Al momento ci sono 30 iscritti (14 per classe, per due sezioni: un livello elementare e uno intermedio). La zona geografica di provenienza più rappresentata è il Bangladesh; seguono macedoni e turchi, qualche sudamericano. La presenza africana è in calo.
La scuola vive delle limitazioni numeriche per i corsi, ma ci sono state molto richieste per il livello principianti. Lo spazio è limitato, quindi vi sono 14 studenti per classe, con un livello “a scavalco” dei corsi, in modo da poter tenere insieme insegnamenti di grado diverso.
«In questa parte iniziale dei corsi si sta facendo anche una educazione digitale per prevenire una eventuale interruzione – continua Laura Alquati – . Vi sono molte donne che a marzo si erano trovate in difficoltà con i figli per la didattica a distanza, ma paradossalmente sono state più avvantaggiate degli uomini perché hanno potuto sfruttare gli strumenti dati ai figli da molte realtà pubbliche. Questo ha favorito anche noi: hanno usato i supporti dati ai figli per i nostri corsi».

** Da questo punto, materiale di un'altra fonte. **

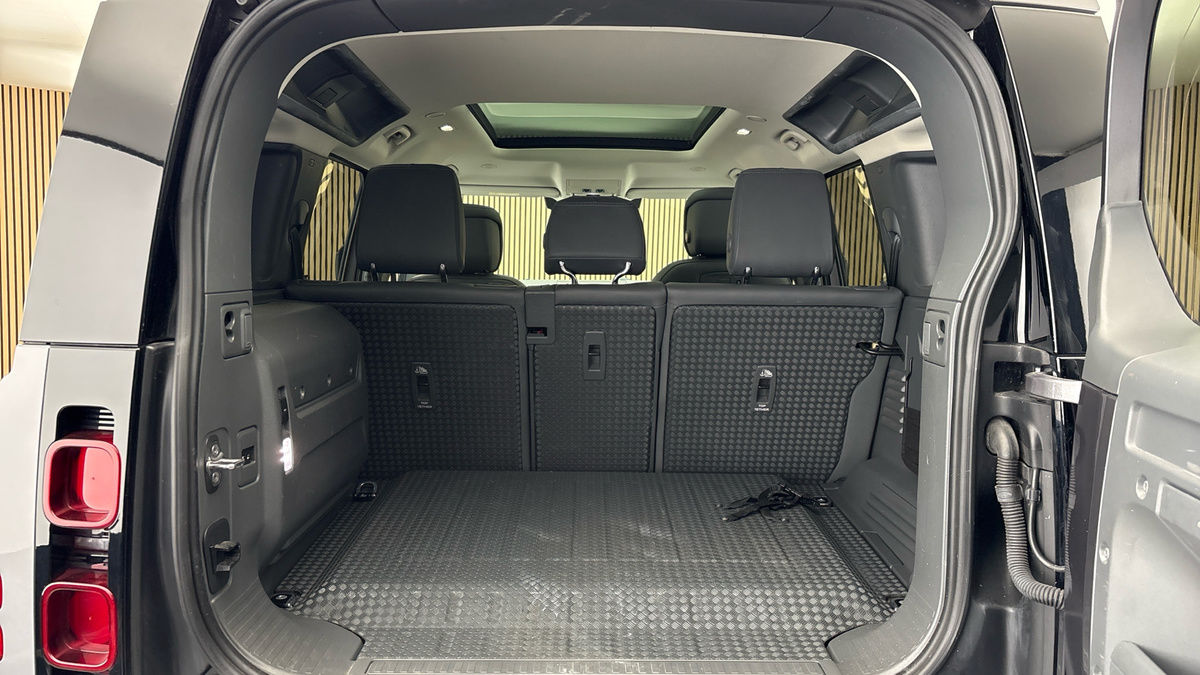 Land Rover Defender 110 Image 11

La scuola è nata con utenza Caritas, quindi spesso con migranti o senza fissa dimora. Per le lezioni digitali si dovranno perciò usare molto gli smartphone: «L’idea, già anticipata nel precedente lock-down, è sfruttare le videochiamate di gruppo su WhatsApp e Zoom su telefonino. Ovviamente la condivisione delle slides è difficile, quindi usiamo i libri e delle applicazioni di condivisione da usare con i social. Il cartaceo aiuta a mediare il digitale. Stiamo distribuendo i testi». Una sorta di sintesi tra metodi tradizionali e metodi innovativi.
Ma la scuola ha anche un sogno nel cassetto: far ripartire e ampliare l’offerta formativa con un canale online, facendo tesoro di quanto fatto, a livello sperimentale (e di necessità), durante l’ultimo lockdown.